Based on this observation, Akyurek and Salem [2] have argued in favor of copying rather than shuffling [29,39] of data. Copying retains original sequential layouts so a choice of location based on the observed access pattern may be possible. Reverting back to the original layout is straightforward. Similarly, rather than permanently disturbing the sequential layout of files, BORG operates on copies of blocks placed temporarily in an independent BOPT partition, optimizing for the current common case of access for each data block.

3.2  BORG Architecture

Figure 2: BORG System Architecture.
Abstractly, BORG follows a four-stage process:
1. profiling application block I/O accesses,
2. analyzing I/O accesses to derive access patterns,
3. planning a modification to the data layout, and
4. executing the plan to reconfigure the data layout.
In addition, an I/O indirection mechanism runs continuously, re-directing requests to the partition that it optimizes as required. Figure 2 presents the architecture of BORG in relation to the storage stack within the operating system.

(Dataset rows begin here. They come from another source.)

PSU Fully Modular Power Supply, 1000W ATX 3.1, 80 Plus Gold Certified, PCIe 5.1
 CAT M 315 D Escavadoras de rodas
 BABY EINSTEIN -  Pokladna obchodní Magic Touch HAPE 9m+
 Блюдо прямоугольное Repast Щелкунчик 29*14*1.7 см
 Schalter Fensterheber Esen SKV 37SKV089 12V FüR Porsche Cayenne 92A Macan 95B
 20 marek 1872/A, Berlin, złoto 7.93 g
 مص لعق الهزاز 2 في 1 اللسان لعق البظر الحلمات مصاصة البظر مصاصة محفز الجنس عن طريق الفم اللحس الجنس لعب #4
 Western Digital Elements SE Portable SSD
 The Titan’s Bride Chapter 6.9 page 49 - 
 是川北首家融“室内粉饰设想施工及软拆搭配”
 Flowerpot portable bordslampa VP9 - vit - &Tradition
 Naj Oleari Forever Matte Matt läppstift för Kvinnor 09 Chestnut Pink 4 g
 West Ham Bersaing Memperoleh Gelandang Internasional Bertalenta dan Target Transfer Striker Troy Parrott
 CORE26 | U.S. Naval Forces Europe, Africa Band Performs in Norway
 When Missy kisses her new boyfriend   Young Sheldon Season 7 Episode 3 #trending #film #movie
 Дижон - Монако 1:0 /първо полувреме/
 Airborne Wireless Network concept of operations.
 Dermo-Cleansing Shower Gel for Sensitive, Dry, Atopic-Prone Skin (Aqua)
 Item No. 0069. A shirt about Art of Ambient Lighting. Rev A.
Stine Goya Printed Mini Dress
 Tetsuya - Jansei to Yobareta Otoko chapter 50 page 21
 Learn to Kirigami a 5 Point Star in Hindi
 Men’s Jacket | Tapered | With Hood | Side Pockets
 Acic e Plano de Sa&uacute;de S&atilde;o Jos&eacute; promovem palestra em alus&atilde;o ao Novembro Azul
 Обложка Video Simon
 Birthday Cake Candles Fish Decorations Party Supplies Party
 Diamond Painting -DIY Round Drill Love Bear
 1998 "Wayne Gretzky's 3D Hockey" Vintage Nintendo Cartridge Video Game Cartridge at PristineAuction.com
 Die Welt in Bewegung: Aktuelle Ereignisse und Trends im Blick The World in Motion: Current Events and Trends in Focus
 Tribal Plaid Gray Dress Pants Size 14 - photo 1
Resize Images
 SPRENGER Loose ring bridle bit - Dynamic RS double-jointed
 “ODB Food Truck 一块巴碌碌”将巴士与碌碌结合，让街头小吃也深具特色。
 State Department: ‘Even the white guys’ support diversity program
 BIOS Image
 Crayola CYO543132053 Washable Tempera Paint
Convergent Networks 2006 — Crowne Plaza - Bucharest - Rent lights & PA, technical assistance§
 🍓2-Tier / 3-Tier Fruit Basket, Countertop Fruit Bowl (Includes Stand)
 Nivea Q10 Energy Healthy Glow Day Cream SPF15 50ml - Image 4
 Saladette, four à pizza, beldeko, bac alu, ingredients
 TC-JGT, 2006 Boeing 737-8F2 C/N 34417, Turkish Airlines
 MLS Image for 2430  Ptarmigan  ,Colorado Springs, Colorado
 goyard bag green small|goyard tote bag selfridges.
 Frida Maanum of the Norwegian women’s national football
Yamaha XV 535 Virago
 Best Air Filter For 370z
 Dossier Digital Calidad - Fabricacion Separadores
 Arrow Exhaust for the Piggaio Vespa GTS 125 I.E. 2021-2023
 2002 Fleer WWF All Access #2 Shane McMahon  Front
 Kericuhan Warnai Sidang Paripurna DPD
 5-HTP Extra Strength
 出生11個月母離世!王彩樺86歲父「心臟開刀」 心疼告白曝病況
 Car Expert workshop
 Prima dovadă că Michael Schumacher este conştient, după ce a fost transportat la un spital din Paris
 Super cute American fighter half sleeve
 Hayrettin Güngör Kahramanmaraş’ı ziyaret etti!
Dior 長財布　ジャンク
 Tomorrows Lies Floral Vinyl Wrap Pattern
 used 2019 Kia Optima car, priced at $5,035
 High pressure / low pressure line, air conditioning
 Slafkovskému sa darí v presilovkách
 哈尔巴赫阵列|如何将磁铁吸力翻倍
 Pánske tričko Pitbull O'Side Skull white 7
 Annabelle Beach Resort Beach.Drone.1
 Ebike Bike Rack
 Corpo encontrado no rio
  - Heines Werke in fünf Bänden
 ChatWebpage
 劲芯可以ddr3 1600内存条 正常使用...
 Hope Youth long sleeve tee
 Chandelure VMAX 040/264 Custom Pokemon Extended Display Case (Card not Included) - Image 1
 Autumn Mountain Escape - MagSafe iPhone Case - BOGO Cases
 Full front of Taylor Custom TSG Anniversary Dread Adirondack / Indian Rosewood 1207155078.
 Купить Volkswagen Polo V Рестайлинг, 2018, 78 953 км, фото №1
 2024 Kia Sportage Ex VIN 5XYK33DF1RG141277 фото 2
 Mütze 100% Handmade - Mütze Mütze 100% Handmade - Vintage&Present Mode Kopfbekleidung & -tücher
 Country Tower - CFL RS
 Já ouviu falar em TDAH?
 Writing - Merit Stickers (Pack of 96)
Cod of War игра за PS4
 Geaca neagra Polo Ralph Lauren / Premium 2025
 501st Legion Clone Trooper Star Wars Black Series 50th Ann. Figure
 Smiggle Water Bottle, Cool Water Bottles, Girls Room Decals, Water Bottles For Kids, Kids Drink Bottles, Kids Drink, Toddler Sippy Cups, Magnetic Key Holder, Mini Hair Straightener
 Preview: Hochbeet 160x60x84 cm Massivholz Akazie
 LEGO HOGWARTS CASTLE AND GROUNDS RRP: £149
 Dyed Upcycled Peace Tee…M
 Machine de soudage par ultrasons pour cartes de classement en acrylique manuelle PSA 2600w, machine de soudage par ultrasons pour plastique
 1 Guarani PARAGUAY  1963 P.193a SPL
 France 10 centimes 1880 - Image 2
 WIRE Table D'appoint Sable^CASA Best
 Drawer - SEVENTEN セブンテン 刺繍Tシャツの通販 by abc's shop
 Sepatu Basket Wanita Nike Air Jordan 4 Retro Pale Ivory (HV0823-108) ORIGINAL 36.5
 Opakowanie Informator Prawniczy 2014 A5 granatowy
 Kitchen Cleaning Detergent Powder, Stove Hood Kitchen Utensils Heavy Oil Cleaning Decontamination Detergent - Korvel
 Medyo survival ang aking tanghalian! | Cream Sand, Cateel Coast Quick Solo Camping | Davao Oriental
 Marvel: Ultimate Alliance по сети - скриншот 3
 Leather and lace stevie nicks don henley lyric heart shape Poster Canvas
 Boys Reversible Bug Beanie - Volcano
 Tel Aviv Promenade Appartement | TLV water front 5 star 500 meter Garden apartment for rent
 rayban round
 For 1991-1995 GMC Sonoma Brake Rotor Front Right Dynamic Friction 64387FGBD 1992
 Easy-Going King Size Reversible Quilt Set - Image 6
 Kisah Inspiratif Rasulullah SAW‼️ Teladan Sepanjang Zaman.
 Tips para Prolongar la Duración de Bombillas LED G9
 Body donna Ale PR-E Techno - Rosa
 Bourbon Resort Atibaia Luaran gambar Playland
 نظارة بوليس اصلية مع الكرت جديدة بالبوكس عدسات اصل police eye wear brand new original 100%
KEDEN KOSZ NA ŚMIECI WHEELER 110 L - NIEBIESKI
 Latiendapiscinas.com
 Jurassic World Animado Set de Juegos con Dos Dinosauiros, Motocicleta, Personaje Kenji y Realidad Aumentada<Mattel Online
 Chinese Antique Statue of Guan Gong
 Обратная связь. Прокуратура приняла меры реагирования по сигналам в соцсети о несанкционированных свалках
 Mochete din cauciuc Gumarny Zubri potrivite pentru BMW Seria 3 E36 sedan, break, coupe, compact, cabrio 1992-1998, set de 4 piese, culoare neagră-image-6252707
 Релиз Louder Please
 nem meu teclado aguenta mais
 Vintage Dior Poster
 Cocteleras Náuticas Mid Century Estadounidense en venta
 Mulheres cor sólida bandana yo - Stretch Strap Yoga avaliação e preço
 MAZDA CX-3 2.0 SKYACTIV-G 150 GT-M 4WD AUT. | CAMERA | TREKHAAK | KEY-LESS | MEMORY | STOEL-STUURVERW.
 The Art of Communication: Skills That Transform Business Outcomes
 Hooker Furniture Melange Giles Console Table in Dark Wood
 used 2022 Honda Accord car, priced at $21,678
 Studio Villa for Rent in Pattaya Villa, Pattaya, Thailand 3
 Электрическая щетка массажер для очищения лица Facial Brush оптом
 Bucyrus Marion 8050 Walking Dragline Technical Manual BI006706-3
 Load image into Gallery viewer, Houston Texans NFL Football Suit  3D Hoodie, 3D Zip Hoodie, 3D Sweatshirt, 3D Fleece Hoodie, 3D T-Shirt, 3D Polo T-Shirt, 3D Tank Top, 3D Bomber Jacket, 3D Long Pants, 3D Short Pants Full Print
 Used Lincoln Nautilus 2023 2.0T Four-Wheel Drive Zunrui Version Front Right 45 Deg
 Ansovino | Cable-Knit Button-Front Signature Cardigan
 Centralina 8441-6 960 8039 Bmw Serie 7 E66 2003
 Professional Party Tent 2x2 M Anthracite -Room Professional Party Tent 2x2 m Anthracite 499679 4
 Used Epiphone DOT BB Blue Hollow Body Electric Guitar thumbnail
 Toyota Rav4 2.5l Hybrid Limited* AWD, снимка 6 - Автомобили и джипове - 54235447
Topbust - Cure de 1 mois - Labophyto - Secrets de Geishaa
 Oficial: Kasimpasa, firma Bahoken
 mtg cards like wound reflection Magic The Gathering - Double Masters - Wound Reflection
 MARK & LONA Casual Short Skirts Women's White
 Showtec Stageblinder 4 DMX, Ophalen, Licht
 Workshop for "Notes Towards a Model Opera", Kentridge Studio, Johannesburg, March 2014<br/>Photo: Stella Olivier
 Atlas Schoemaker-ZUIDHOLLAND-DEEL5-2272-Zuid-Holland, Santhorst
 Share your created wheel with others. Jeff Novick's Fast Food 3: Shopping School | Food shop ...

The modification to the existing storage stack is in the form of a new layer, which we term BORG layer, that implements three major components: the I/O profiler, the BOPT reconfigurator and the I/O Indirector. A secondary throttle-friendly user-space component implements the analyzer and the planner stages of BORG and performs computation and memory-intensive tasks. While profiling and indirection are both continuous processes, the other stages run periodically and in succession culminating in a reconfiguration operation.
For the I/O profiler, we use a low-overhead kernel tool called blktrace [3]. The analyzer reads the I/O trace collected by the profiler and derives data access patterns. Subsequently, the planner uses these data access patterns and generates a new reconfiguration plan for the BOPT partition, which it communicates to the BOPT reconfigurator component. The user-space analyzer and planner components run as a low-priority process, utilizing only otherwise free system resources. Under heavy system load, the only impact to BORG is that generating the new reconfiguration plan would be delayed.
The BOPT reconfigurator is responsible for the periodic reconfiguration of the BOPT partition, per the layout plan specified by the planner. The reconfigurator issues low-priority disk I/Os to accomplish its task, minimizing the interference to foreground disk accesses. Finally, the I/O indirector continuously directs I/O requests either to the FS partition or the BOPT partition, based on the specifics of the request and the contents of the BOPT.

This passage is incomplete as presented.